In deze zaak heeft de kantonrechter van de Rechtbank Noord-Holland op 22 juli 2020 uitspraak gedaan in een civiele procedure tussen een vennootschap onder firma en haar voormalige vennoten. De eiseres, vertegenwoordigd door Bill incasso B.V., vorderde betaling van een bedrag van € 1.793,83 van de gedaagden, die als vennoten van de ontbonden vennootschap onder firma verantwoordelijk werden gehouden voor onbetaalde facturen die voortvloeiden uit een overeenkomst tot het leveren van software support.
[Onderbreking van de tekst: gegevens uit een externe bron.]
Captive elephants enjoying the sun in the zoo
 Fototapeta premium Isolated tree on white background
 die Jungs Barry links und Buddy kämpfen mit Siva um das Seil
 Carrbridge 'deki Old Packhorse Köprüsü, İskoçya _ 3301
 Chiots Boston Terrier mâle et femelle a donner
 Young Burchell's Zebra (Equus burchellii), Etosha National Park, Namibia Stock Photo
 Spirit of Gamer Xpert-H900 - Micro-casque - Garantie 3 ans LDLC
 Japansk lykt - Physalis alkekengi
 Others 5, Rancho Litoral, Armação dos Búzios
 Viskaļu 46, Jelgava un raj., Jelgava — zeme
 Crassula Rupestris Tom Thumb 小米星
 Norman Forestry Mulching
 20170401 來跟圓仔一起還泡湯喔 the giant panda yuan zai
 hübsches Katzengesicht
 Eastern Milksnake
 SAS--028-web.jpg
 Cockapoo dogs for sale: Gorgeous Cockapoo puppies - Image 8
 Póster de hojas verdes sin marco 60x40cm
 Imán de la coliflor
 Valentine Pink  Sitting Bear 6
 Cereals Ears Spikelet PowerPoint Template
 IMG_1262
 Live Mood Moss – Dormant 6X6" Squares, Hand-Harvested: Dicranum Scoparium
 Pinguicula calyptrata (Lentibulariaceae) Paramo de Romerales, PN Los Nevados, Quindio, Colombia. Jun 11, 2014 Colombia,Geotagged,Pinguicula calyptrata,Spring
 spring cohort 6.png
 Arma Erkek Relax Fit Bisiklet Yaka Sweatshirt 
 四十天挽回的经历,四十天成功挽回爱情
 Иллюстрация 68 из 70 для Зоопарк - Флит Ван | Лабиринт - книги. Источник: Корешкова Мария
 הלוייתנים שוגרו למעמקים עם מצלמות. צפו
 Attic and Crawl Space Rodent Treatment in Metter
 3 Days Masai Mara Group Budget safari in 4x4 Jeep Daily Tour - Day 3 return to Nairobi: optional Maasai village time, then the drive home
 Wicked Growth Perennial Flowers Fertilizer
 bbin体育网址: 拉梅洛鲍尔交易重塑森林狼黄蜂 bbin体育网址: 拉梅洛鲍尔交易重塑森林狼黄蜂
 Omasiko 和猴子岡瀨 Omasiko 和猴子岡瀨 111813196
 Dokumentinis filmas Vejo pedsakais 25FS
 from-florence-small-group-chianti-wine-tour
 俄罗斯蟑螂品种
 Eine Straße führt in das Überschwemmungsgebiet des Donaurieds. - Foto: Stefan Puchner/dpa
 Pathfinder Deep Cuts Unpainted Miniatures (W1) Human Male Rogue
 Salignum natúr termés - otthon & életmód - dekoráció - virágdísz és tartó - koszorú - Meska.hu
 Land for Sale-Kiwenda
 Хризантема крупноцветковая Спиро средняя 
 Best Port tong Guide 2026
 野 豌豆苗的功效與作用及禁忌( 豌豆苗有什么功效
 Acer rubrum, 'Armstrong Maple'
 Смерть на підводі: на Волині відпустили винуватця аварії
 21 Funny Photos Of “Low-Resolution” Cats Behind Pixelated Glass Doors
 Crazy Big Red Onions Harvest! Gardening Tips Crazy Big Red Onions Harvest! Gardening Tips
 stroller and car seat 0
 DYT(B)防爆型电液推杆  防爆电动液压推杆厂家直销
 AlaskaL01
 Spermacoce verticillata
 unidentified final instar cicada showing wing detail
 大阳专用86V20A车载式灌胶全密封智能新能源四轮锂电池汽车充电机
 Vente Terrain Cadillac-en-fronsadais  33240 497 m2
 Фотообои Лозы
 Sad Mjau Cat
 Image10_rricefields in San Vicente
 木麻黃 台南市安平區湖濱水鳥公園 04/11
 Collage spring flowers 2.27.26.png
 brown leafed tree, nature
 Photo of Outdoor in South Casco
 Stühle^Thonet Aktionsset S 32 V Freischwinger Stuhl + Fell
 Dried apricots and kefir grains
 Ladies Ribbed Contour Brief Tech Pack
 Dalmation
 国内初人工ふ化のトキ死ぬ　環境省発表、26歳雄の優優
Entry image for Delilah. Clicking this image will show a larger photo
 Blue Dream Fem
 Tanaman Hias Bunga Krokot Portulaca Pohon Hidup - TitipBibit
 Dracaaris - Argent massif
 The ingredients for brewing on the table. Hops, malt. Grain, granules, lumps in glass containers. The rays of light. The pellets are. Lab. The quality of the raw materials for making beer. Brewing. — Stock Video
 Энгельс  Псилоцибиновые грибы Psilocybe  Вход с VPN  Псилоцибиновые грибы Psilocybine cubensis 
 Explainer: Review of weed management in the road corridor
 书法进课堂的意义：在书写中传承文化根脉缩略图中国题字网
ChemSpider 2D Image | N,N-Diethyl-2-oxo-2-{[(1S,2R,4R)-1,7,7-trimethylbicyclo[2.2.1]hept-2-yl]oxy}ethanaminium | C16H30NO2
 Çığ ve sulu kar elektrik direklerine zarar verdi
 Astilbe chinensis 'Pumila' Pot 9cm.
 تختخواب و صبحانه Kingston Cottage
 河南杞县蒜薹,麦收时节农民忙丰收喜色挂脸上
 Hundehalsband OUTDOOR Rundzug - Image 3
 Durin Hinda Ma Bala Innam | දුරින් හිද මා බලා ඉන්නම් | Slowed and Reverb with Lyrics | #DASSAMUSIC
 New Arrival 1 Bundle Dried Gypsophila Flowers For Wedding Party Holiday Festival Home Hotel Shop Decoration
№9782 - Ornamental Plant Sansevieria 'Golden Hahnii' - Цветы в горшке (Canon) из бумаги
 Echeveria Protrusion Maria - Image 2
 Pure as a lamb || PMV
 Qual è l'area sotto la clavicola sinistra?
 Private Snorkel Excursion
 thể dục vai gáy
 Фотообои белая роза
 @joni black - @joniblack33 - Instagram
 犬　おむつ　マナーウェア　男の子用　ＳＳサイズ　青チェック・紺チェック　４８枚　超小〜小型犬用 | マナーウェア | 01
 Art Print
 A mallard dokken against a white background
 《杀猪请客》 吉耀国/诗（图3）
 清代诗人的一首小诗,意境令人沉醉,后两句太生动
De overeenkomst was aangegaan op 30 augustus 2018 en de gedaagden hadden de facturen over de periode januari 2019 tot en met september 2019 onbetaald gelaten.
De kantonrechter oordeelde dat de vordering tegen gedaagde sub 1 werd toegewezen, aangezien deze de vordering had erkend. Wat betreft gedaagde sub 2, die betwistte aansprakelijk te zijn, overwoog de kantonrechter dat hij als vennoot hoofdelijk aansprakelijk was voor de verbintenissen van de vennootschap, ook voor verbintenissen die na zijn uittreden waren ontstaan, mits deze voortvloeiden uit een vóór zijn uittreden gesloten duurovereenkomst. De kantonrechter concludeerde dat de vordering van de eiseres tot betaling van € 1.524,60 werd toegewezen, evenals de wettelijke handelsrente en de buitengerechtelijke incassokosten.
In de vrijwaringszaak werd gedaagde sub 1 veroordeeld om aan gedaagde sub 2 te betalen wat deze in de hoofdzaak was veroordeeld. De proceskosten werden eveneens toegewezen aan de gedaagden, die ongelijk kregen in de procedure. Het vonnis werd uitvoerbaar bij voorraad verklaard.